Over the past week, the Indian media and social media have been seized with an unfolding scandal involving a news magazine, Tehelka, that made its reputation ferreting out truth and exposing wrongdoing. This time, it’s founding editor Tarun Tejpal who’s exposed. He has been accused, and a criminal investigation is now underway, of sexually assaulting a junior reporter at his own magazine. The story is unusual not only because of the profile of the accused, but also for the victim’s decision to step forward and not allow the assault to be forgotten or buried as a “misunderstanding.” And judging by the media coverage in recent days, both women and men in India are overwhelmingly supportive of that decision.
The past year has been a particularly difficult one for cases of violence against women in India. From the gang rape and gross mutilation of victim “Nirbhaya” in Delhi in December 2012, to the March gang-rape of a Swiss tourist in Madhya Pradesh, the April kidnapping and rape of a 5-year old girl in Delhi, a July molestation of a teenage girl in Assam by a crowd of men, to the September gang rape of a young reporter in Mumbai, women have been subjected to unspeakably shocking acts of violence. But women, and men, are standing up against this kind of violence now, with women refusing to accept shame for harm done to them, and families supporting the pursuit of justice under the law.

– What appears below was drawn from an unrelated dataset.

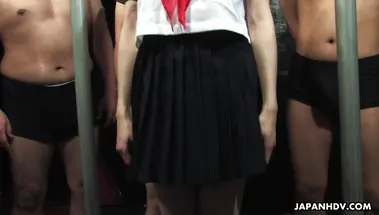 Япошки извращенцы устроили атаку вибраторами сквиртующей крошке Аой Юки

And as a result of the shock of the Nirbhaya case, India has stronger laws on rape and new fast-track courts to handle rape trials quickly. Nirbhaya’s rapists and the rapists of the Swiss tourist have already been convicted, and in the former case, sentenced to death.
It is hard to know whether the uptick in stories about violence against women represents an increase in the crime or a heightened attention and willingness to report and mobilize against it. One result internationally, however, has been a growing worry outside India, even wariness, about whether women are safe in India. This sentiment is captured in the particular by the personal narrative of a young American just returned from a semester in India, but also in the aggregate by a downturn in women travelers to India and reports of increased concerns about safety when studying abroad in India (in the absence of data by gender on study abroad, it’s hard to draw any specific conclusions, however). But over the past year, the prevalence of articles internationally about rape in India has certainly increased, resulting in a recent Time magazine corrective to this narrative: “Why Rape Seems Worse in India Than Everywhere Else (but Actually Isn’t)."

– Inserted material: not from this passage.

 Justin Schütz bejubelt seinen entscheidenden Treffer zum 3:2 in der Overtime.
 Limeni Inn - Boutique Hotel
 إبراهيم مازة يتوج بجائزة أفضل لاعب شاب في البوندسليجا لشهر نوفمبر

Against these challenges of gender-based violence, which have made headlines around the world—seemingly relentlessly so this year—it’s also the case that Indian women have had important successes, and made significant advances in political participation and in high-profile segments of the workplace. Many people know that Indira Gandhi was the second woman elected head of government in the world. (We in the United States still await the end of that glass ceiling). And while the percentage of women elected to Parliament hovers between 10 and 11 percent, Indians have regularly elected women to lead their states.
At present three states (Tamil Nadu, West Bengal, and Delhi) are headed by women, and for a period during 2011–2012, when Mayawati was chief minister of the most populous state of Uttar Pradesh, some 300 million Indian citizens overall were represented by women chief ministers. The panchayat level of governance (local bodies) by law reserves one-third of its seats for women, and some states have amended that to 50 percent. An amendment to the constitution has been cleared by the Indian cabinet but not yet passed, which would extend that 50 percent reservation at the panchayat level to the entire country. Newer research on the effects of reserving seats for women at the panchayat level has found that the presence of women leaders has led to greater participation of women attending village meetings, and marks an effective policy avenue for correcting gender imbalance in political participation over time. The Women’s Reservation Bill, still pending, would reserve one-third of the seats in Parliament as well as in the state legislative assemblies for women, and though it has been stalled, its scope is ambitious.
Outside of government, a report earlier this month noted that eight of the major banks in India are headed by women. There is nothing remotely comparable in the U.S. financial services sector. And also quite unlike the United States, where tech and education specialists are focused on encouraging women to enter the science, technology, engineering, and math fields, Indian women are already there. To give just one example, according to IT industry body NASSCOM, India’s IT industry overall is around 30 percent female, and that figure is higher in the business process outsourcing segment, as well as at entry levels. (Of course, this is against the backdrop of a larger gap in women’s workforce participation across sectors broadly in India).
Noting where India has made some real accomplishments of course does not diminish the gravity of violence against women that shocks and preoccupies international attention. But it is fair to recognize that while Indian women face big hurdles, some of those have been overcome, and the picture is far more complex than recent headlines suggest.